Witness’ Request for Cancellation of Removal to DRC
Under Article 68(1) of the Rome Statute, the “Court shall take appropriate measures to protect the safety, physical and psychological well-being, dignity and privacy of victims and witnesses.” To assist the Court in ruling on an application for such measures, it may request its Victims and Witness Unit (VWU), pursuant to Article 68(4), to provide advice.
That was done, and the VWU told the Trial Chamber that if returned to the DRC the witness “would not be exposed to any additional risk to his security or psychological or physical well-being as a result of his testimony;” that his testimony did not provide any new information to the DRC; that the DRC had provided assurances that the witness would receive adequate protection upon return; and the VWU would monitor his treatment after return.

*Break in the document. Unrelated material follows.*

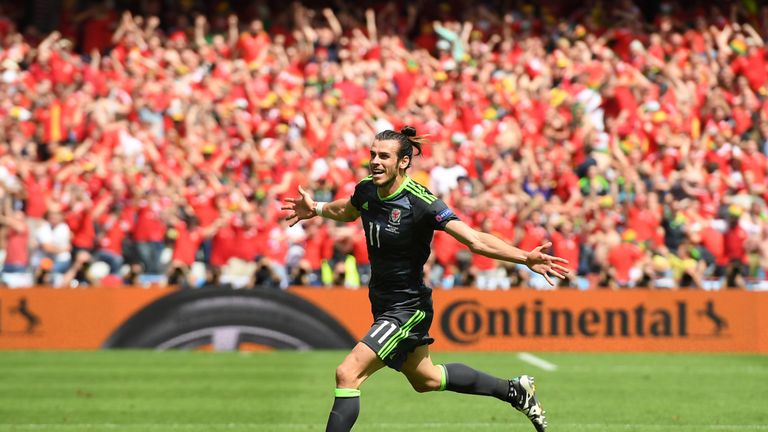 LENS, FRANCE - JUNE 16:  Gareth Bale of Wales celebrates after scoring the first goal during the UEFA EURO 2016 Group B match between England and Wales at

The Chamber concluded that the VWU was the body within the ICC with the necessary qualified staff and expertise to evaluate the risks posed to a witness, that the Court had complied with its obligations under Article 68 of the Statute to consider the application for protection, that the request for cancellation of his removal to the DRC should be denied and that the witness should be returned to the DRC. However, the Court’s Registry was instructed to contact the DRC authorities to determine what, if any, additional security measures should be implemented upon return, and the VWU was instructed to monitor the witness’ well-being.

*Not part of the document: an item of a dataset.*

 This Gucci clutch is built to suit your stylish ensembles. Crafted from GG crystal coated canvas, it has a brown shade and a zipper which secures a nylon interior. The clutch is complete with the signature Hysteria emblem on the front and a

Witness’ Application for Asylum
The ICC is not a state and is not a party to the Convention Relating to the Status of Refugees and the Protocol Relating to the Status of Refugees. Therefore, the Trial Chamber concluded it had no jurisdiction to address the merits of the witness’ asylum application.
Instead, it was exclusively for the Kingdom of the Netherlands to consider and make a determination on that application. However, the Trial Chamber instructed the ICC’s Registry to afford the witness reasonable access to his lawyers on the asylum application and to work out procedures for the witness’ asylum application to be determined by the Netherlands before his return to the DRC.